Before scientific methodology and rational analysis, people found this harmony in ways that might not stack up rationally, but I think they can still have a symbolic beauty for us, and even, for some of us, a functional utility.

Astrology is, I think, not rationally supportable (which is a polite way of saying that at the literal level, I don't believe a word of it!)  However, sensible, bright people follow it, including a lovely colleague of mine. It's unwise to think that people who believe irrational things are foolish; patently not so. 

We should look at the purpose, function and symbolic eloquence of such systems as astrology, even if we don't accept them ourselves. I believe they help some people who are looking for a sense of balance and belonging, unity with the universe.  Edmund, the wicked bastard in "King Lear," says in effect "It's nonsense. I'd be lecherous and uncouth whatever stars reigned over my conception and nativity." He was a modern man in his day.  

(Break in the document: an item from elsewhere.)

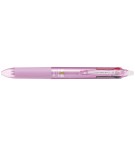 STYLO PILOT FRIXION 4 COULEURS - CORPS ROSE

I don't know enough about other cultures to generalise, but there is one well-known symbol of balance, the ancient Chinese Yin-Yang. Like many profound things, it is beautifully simple.

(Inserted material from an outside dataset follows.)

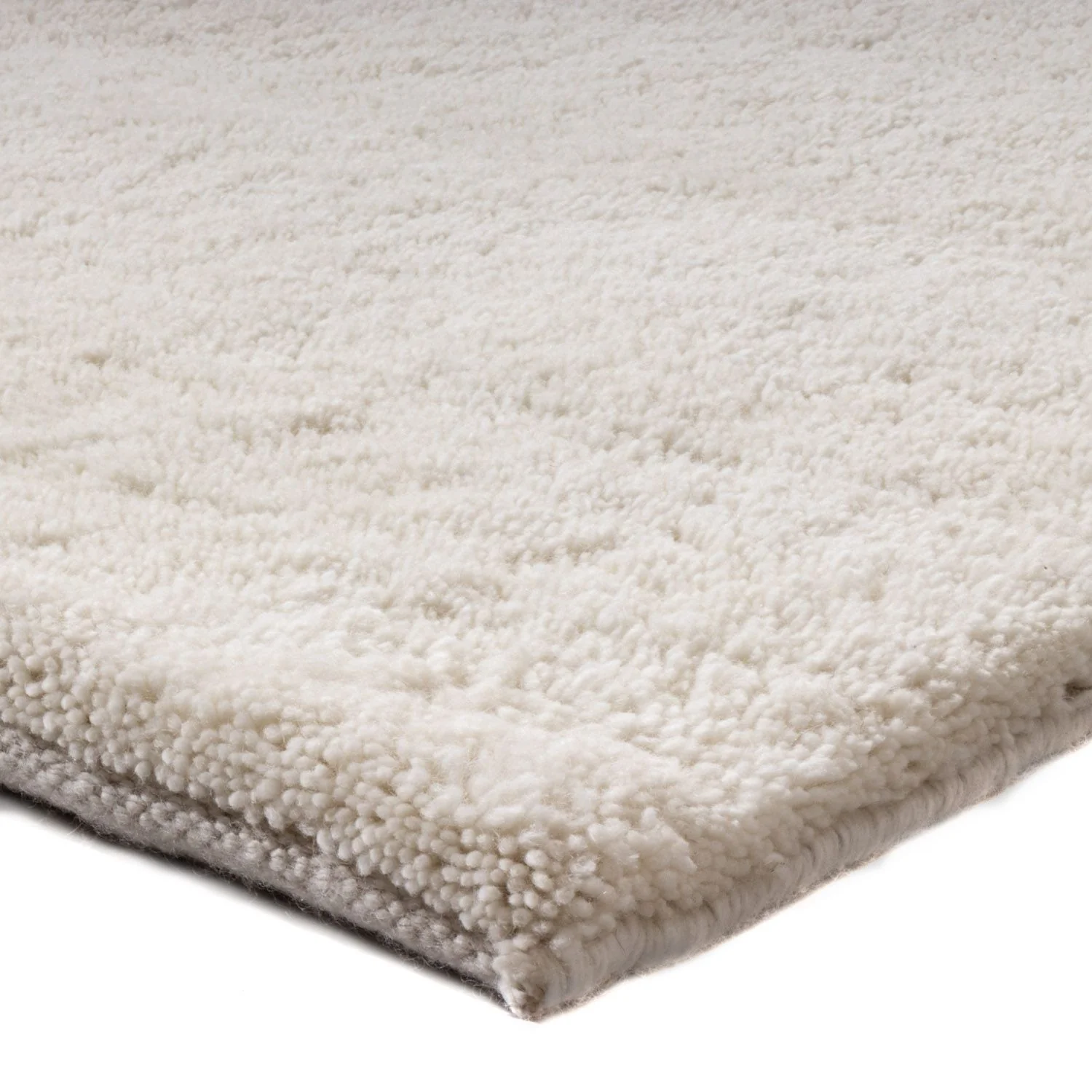 Berber Teppich »Fluffy« Rund - Image 4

Thus saieth Wikipedia, helpfully I think:

In Chinese philosophy, the concept of Yin-Yang, which is often referred to in the West as "yin and yang," literally meaning "shadow and light," is used to describe how polar opposites or seemingly contrary forces are interconnected and interdependent in the natural world, and how they give rise to each other in turn in relation to each other.

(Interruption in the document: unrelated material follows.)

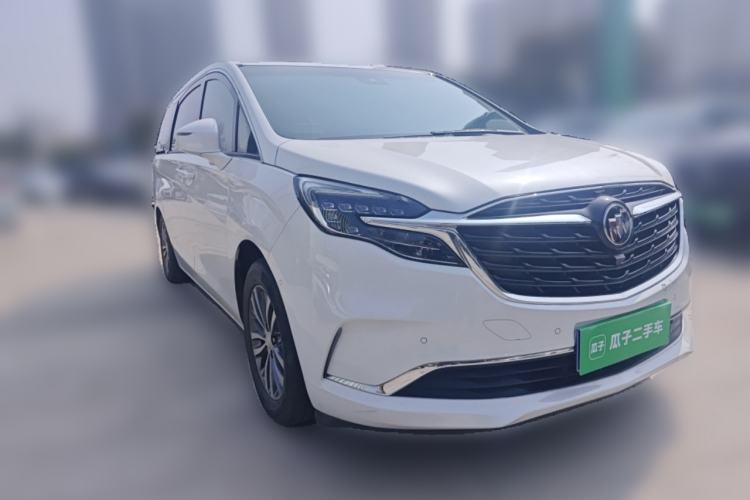 Used Buick GL8 2021 ES Landtrek 653T Comfort Edition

Everything has yin and yang aspects, opposite dualities that are ultimately interdependent, different ways of seeing and understanding an inexpressible unity. The symbol may have become a cliché, but the mode of thought is fascinating, and I think productive. To risk stating the bleedin' obvious, you can't have light without dark, music without silence - life without death. These dualities are not opposed, they make up the one, even if we see first yin and then yang.

The Balance. Ever changing within us and without us. If you veer away from death, deny it in your life, you drain your life of meaning and intensity. If you are incapacitated by your (natural) fear of death, you darken your life.

The Balance is there all the time, you can't will it within yourself. You can't say "I will be mindful today," or "I will stop worrying about the end of my life." 

Meditation is one way to let The Balance emerge. But enough from me, on the way. You know what's coming next:

"The Way that can be named is not the perfect Way."